En cualquier caso, con independencia de que unos consideren unas profesiones más imprescindibles o miríficas que otras, no existe justificación para la deplorable e inmoral cobertura llevada a cabo por los amos de la desinformación. Por más que la historia contase con todos esos trágicos componentes narrativos y unos descomunales despliegues técnicos que atrajeron a televisiones de todo el mundo, me resultan inconcebibles la ausencia de sensibilidad y los sensacionalistas y 'rosaquintanescos' derroteros que adoptaron una vez más todos los informativos. En su empeño por ensalzar a los héroes del rescate, algunos me recordaron por momentos a la publicidad de esas series de televisión con las que se pretende armiñar la imagen pública de las Fuerzas y Cuerpos de Seguridad del Estado. Sí, esos Cuerpos que años antes zurraron de lo lindo a los mineros asturianos durante unas movilizaciones que se convirtieron en una guerra y en las que nadie se acordaba de lo 'cabrón' que es trabajar picando piedra en una cueva infestada de humedad, dióxido de carbono y tinieblas.

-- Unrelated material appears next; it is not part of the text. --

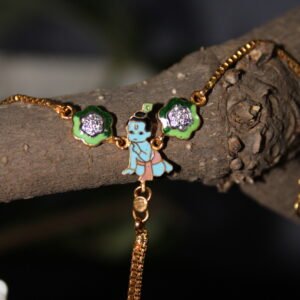 Kid’s Gold Bracelet Krishna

En medio de este océano de hipocresía en el que habitamos, me cuesta cada vez más encontrarme en los medios de comunicación con relatos comprometidos acerca de ese pozo mucho más profundo en el que se ha convertido el mar Mediterráneo, testigo impasible de un genocidio de indiferencia para cientos de Julen anónimos a los que no rescatará ningún minero. Allí no existen grandes despliegues informativos, ni vecinas con el corazón en un puño, ni aplausos solidarios. El silencio de gobiernos y telediarios es tan oscuro y cómplice como la desvergüenza con la que utilizan el término 'transición democrática' para referirse a un golpe de estado. La empatía perece a la orilla de una playa y, en las conversaciones de bar o de peluquería, jamás se habla de pateras ni de bebés ahogados. Tal y como me enseñaron en la facultad de Periodismo, el valor de los muertos depende siempre de la proximidad de la tragedia. El denominado kilómetro sentimental: el interés es inversamente proporcional a la distancia (física y cultural) que nos separa de la víctima. Un africano tiene que convertirse literalmente en Spiderman y evitar la caída fatal de un niño desde un balcón para que lo traten, no como un héroe, sino como un ciudadano. Para ganarse la consideración de ser humano.